If all that went on in, then your entire engine took a swig of coolant and swished it around with oil and metal all around. Personally I’d have the block torn down and fully rebuilt and hot tanked. Or run a low mile wrecked car engine.


----------



## Snipesy (Dec 7, 2015)

I’d say yeah. Some catastrophic head gasket failure.

The problem is you drove it for a long time. Coolant mixes with oil and vice versa. When oil starts coating the coolant channels and such, the engine can fry itself while the coolant still reads okay. By the time the light pops on the engine could be glowing hot and it’s just dead at that point. Everything will just be so warped.

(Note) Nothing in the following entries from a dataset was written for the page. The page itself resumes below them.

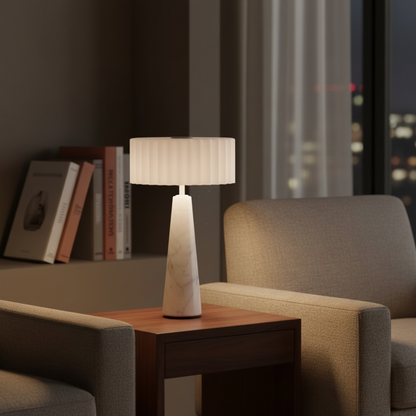 Blok Lamp - in wit marmer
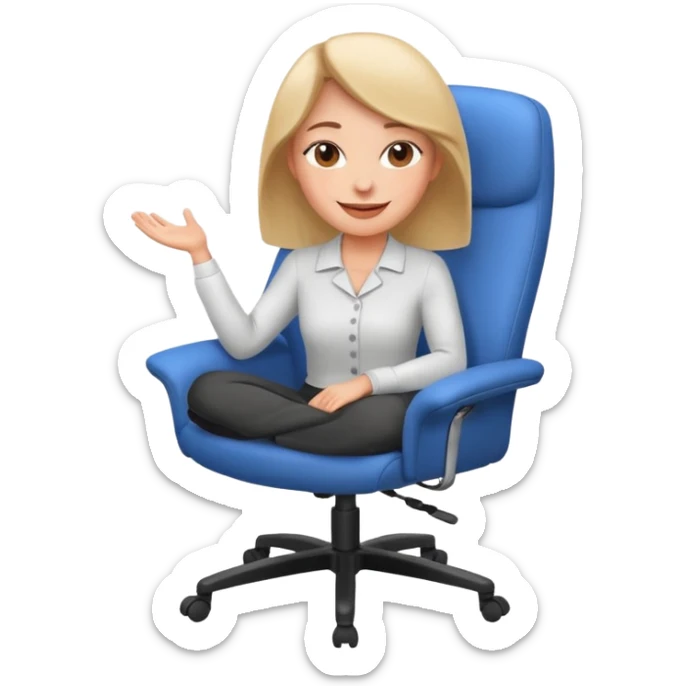 Woman having cartoon faced aligned in a chair in relaxing posture in an office chair and smiling sticker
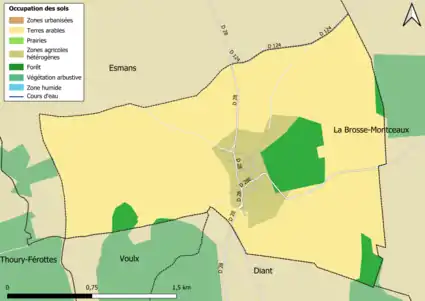 Carte des infrastructures et de l'occupation des sols en 2018 (CLC) de la commune.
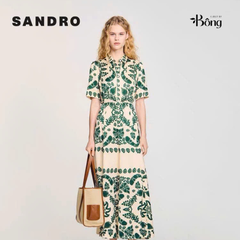 Váy maxi lụa Sandro cổ đức hoa xanh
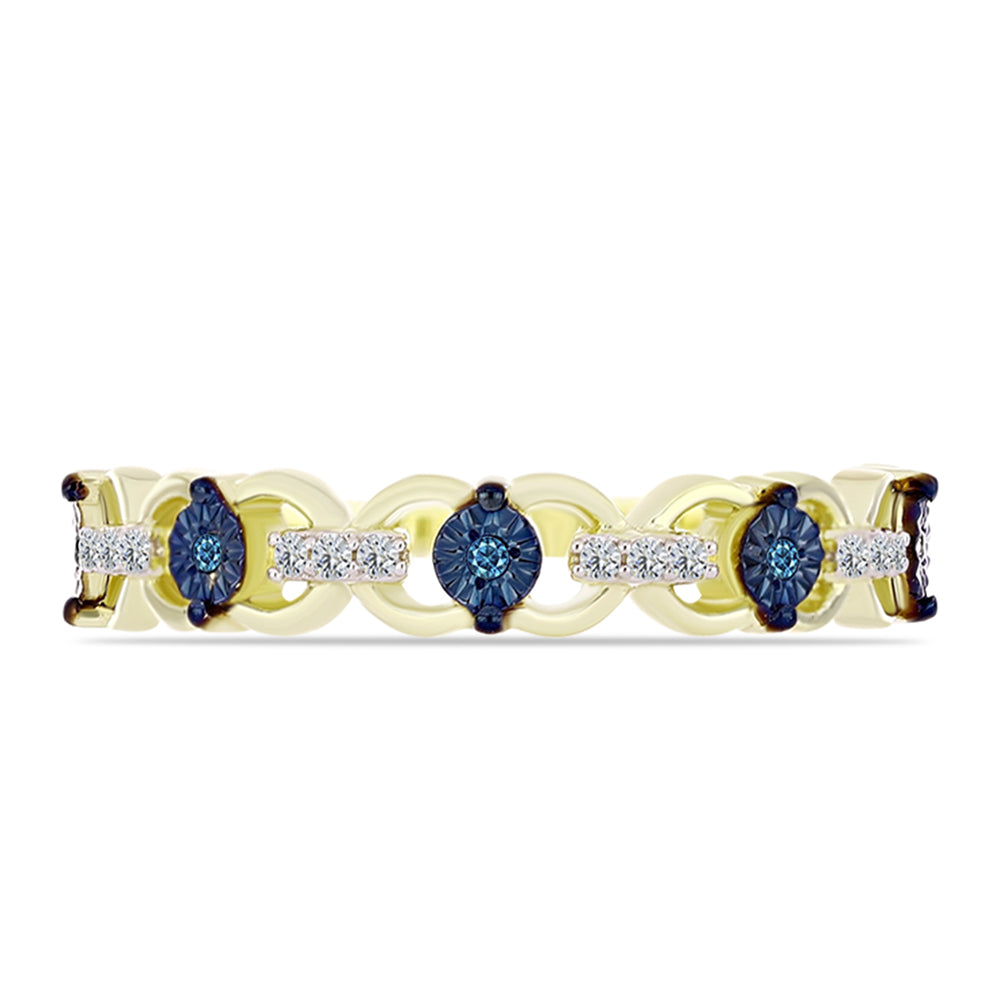 Goldplattierter Silberring mit blauem Diamant und weißem Topas 5 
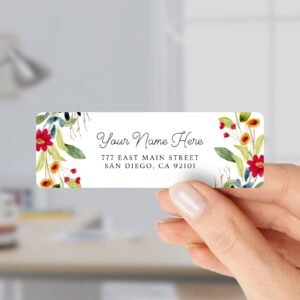 Return Address Labels with Fall Flowers for Weddings and Invitations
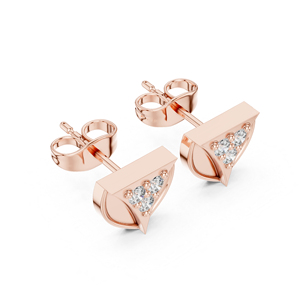 ต่างหูเพชรทรงกลมทองคำ 14K สำหรับผู้หญิง |   เพชรที่เพิ่งเพาะเลี้ยง - Product Image 4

I don’t know if the Cruze ECM monitors this or not. But newer ECMs will monitor the theoretical heat output of the engine, and if it doesn’t match up with the coolant temps, it will give a warning or CEL.


----------



## jblackburn (Apr 14, 2012)

That...needs an entire motor.

1.8's are the most common motor in a Sonic, which would probably be easier to find than a used Cruze one.


----------



## bobl66 (Jan 30, 2021)

It has been burning coolant on almost all cylinders for quite some time.. pistons are steam cleaned....

I would throw on a new head gasket, change the oil with the cheapest you can find and give it a try... if it´s fried, a little oil and a head gasket will not ruin you

But I think it has at least one severe cracks somewhere... these modern metall head gaskets usually don´t fail anymore.. they survive even severe overheating...it will melt the pistions an seize befor the head gasket blows....


----------



## sklemetti (Dec 18, 2019)

Here are pictures of the head gasket top and bottom, the head and the cylinder block. Nothing looks obviously wrong with any of the parts. There are no gaps or burns. Between #3 and 4 there is a bend but that may be from when I pulled it off. Then the problem would be non-obvious which would involve more to fix.


----------



## Ma v e n (Oct 8, 2018)

My annotations show what is "wrong" with these parts. It's looks as though there's cylinder pair leakage air the red arrows, and the corrosion in the purple squares very clearly shows these valves are quite clean, as they've been running coolant through both cylinders


----------



## sklemetti (Dec 18, 2019)

Ma v e n said:


> My annotations show what is "wrong" with these parts. It's looks as though there's cylinder pair leakage air the red arrows, and the corrosion in the purple squares very clearly shows these valves are quite clean, as they've been running coolant through both cylinders
> View attachment 290827
> View attachment 290828


Would a new head gasket fix that alone or would the head need to be replaced or repaired? Along with making sure the cam is set right. I thought I read somewhere that overheating will mess up the ignition control module too. I'd like to verify that it is not working before replacing it.


----------



## Maqcro1 (Apr 29, 2019)

sklemetti said:


> Would a new head gasket fix that alone or would the head need to be replaced or repaired? Along with making sure the cam is set right. I thought I read somewhere that overheating will mess up the ignition control module too. I'd like to verify that it is not working before replacing it.


There is not a test for the ICM. Best solution is to buy another ICM.


----------